▶ [EXERCISE INSTRUCTIONS]: Retype the listing that follows, word for word.
::::
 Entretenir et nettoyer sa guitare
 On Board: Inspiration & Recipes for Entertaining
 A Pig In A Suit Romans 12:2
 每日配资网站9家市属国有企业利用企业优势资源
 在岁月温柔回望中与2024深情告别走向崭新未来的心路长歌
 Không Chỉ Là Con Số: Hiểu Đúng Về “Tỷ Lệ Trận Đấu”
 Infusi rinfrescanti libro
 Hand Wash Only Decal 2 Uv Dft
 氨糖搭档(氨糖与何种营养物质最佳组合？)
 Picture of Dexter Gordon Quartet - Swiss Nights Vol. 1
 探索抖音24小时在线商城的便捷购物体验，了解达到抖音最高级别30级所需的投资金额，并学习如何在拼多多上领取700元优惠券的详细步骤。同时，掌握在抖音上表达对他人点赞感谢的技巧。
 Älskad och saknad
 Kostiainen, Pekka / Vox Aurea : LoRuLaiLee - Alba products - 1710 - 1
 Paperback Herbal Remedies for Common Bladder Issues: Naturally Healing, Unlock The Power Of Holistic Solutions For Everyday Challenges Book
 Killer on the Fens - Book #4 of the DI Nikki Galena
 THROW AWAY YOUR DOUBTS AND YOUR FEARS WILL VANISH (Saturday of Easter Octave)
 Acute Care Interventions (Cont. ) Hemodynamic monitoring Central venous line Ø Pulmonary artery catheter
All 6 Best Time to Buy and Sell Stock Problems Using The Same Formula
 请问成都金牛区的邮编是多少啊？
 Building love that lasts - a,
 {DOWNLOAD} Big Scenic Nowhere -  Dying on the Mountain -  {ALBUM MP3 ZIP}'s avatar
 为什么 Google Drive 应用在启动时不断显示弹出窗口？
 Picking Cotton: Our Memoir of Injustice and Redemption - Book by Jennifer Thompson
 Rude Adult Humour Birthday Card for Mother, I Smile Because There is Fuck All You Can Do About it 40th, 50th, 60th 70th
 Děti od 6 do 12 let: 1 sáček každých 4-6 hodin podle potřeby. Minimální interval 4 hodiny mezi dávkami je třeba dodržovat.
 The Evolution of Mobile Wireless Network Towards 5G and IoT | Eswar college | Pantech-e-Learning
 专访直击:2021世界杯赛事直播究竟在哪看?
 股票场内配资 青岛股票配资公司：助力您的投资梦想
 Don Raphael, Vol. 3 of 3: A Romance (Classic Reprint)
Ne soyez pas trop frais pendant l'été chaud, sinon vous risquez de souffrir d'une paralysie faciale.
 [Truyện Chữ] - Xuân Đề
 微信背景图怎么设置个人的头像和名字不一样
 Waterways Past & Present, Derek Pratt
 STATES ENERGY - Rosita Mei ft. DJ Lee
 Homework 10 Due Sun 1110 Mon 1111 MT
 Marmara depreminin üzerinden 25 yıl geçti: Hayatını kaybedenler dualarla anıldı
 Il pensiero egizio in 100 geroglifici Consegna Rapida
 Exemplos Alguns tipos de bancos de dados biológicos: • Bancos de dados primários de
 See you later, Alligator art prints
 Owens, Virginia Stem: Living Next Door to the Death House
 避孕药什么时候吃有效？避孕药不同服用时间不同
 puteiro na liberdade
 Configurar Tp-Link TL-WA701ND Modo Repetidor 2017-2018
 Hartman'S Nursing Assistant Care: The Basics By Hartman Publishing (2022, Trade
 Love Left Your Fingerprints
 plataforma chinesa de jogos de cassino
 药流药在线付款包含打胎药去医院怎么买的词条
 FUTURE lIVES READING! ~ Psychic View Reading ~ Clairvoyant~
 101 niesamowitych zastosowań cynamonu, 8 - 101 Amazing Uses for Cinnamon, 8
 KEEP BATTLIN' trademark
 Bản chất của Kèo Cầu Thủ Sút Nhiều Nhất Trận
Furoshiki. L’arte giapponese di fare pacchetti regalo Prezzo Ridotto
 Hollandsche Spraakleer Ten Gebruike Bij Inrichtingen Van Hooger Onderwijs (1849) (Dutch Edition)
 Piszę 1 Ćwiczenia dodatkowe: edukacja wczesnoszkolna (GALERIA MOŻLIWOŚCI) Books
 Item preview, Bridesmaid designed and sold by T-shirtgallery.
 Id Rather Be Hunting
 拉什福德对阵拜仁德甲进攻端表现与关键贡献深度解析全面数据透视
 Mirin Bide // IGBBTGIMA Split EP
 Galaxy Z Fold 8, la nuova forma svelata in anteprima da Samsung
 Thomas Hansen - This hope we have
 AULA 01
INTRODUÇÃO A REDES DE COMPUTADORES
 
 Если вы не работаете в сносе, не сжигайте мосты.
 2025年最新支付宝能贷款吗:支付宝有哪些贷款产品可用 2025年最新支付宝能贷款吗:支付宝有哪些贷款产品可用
::::
▶ [ANSWER SECTION]:
 Entretenir et nettoyer sa guitare
 On Board: Inspiration & Recipes for Entertaining
 A Pig In A Suit Romans 12:2
 每日配资网站9家市属国有企业利用企业优势资源
 在岁月温柔回望中与2024深情告别走向崭新未来的心路长歌
 Không Chỉ Là Con Số: Hiểu Đúng Về “Tỷ Lệ Trận Đấu”
 Infusi rinfrescanti libro
 Hand Wash Only Decal 2 Uv Dft
 氨糖搭档(氨糖与何种营养物质最佳组合？)
 Picture of Dexter Gordon Quartet - Swiss Nights Vol. 1
 探索抖音24小时在线商城的便捷购物体验，了解达到抖音最高级别30级所需的投资金额，并学习如何在拼多多上领取700元优惠券的详细步骤。同时，掌握在抖音上表达对他人点赞感谢的技巧。
 Älskad och saknad
 Kostiainen, Pekka / Vox Aurea : LoRuLaiLee - Alba products - 1710 - 1
 Paperback Herbal Remedies for Common Bladder Issues: Naturally Healing, Unlock The Power Of Holistic Solutions For Everyday Challenges Book
 Killer on the Fens - Book #4 of the DI Nikki Galena
 THROW AWAY YOUR DOUBTS AND YOUR FEARS WILL VANISH (Saturday of Easter Octave)
 Acute Care Interventions (Cont. ) Hemodynamic monitoring Central venous line Ø Pulmonary artery catheter
All 6 Best Time to Buy and Sell Stock Problems Using The Same Formula
 请问成都金牛区的邮编是多少啊？
 Building love that lasts - a,
 {DOWNLOAD} Big Scenic Nowhere -  Dying on the Mountain -  {ALBUM MP3 ZIP}'s avatar
 为什么 Google Drive 应用在启动时不断显示弹出窗口？
 Picking Cotton: Our Memoir of Injustice and Redemption - Book by Jennifer Thompson
 Rude Adult Humour Birthday Card for Mother, I Smile Because There is Fuck All You Can Do About it 40th, 50th, 60th 70th
 Děti od 6 do 12 let: 1 sáček každých 4-6 hodin podle potřeby. Minimální interval 4 hodiny mezi dávkami je třeba dodržovat.
 The Evolution of Mobile Wireless Network Towards 5G and IoT | Eswar college | Pantech-e-Learning
 专访直击:2021世界杯赛事直播究竟在哪看?
 股票场内配资 青岛股票配资公司：助力您的投资梦想
 Don Raphael, Vol. 3 of 3: A Romance (Classic Reprint)
Ne soyez pas trop frais pendant l'été chaud, sinon vous risquez de souffrir d'une paralysie faciale.
 [Truyện Chữ] - Xuân Đề
 微信背景图怎么设置个人的头像和名字不一样
 Waterways Past & Present, Derek Pratt
 STATES ENERGY - Rosita Mei ft. DJ Lee
 Homework 10 Due Sun 1110 Mon 1111 MT
 Marmara depreminin üzerinden 25 yıl geçti: Hayatını kaybedenler dualarla anıldı
 Il pensiero egizio in 100 geroglifici Consegna Rapida
 Exemplos Alguns tipos de bancos de dados biológicos: • Bancos de dados primários de
 See you later, Alligator art prints
 Owens, Virginia Stem: Living Next Door to the Death House
 避孕药什么时候吃有效？避孕药不同服用时间不同
 puteiro na liberdade
 Configurar Tp-Link TL-WA701ND Modo Repetidor 2017-2018
 Hartman'S Nursing Assistant Care: The Basics By Hartman Publishing (2022, Trade
 Love Left Your Fingerprints
 plataforma chinesa de jogos de cassino
 药流药在线付款包含打胎药去医院怎么买的词条
 FUTURE lIVES READING! ~ Psychic View Reading ~ Clairvoyant~
 101 niesamowitych zastosowań cynamonu, 8 - 101 Amazing Uses for Cinnamon, 8
 KEEP BATTLIN' trademark
 Bản chất của Kèo Cầu Thủ Sút Nhiều Nhất Trận
Furoshiki. L’arte giapponese di fare pacchetti regalo Prezzo Ridotto
 Hollandsche Spraakleer Ten Gebruike Bij Inrichtingen Van Hooger Onderwijs (1849) (Dutch Edition)
 Piszę 1 Ćwiczenia dodatkowe: edukacja wczesnoszkolna (GALERIA MOŻLIWOŚCI) Books
 Item preview, Bridesmaid designed and sold by T-shirtgallery.
 Id Rather Be Hunting
 拉什福德对阵拜仁德甲进攻端表现与关键贡献深度解析全面数据透视
 Mirin Bide // IGBBTGIMA Split EP
 Galaxy Z Fold 8, la nuova forma svelata in anteprima da Samsung
 Thomas Hansen - This hope we have
 AULA 01
INTRODUÇÃO A REDES DE COMPUTADORES
 
 Если вы не работаете в сносе, не сжигайте мосты.
 2025年最新支付宝能贷款吗:支付宝有哪些贷款产品可用 2025年最新支付宝能贷款吗:支付宝有哪些贷款产品可用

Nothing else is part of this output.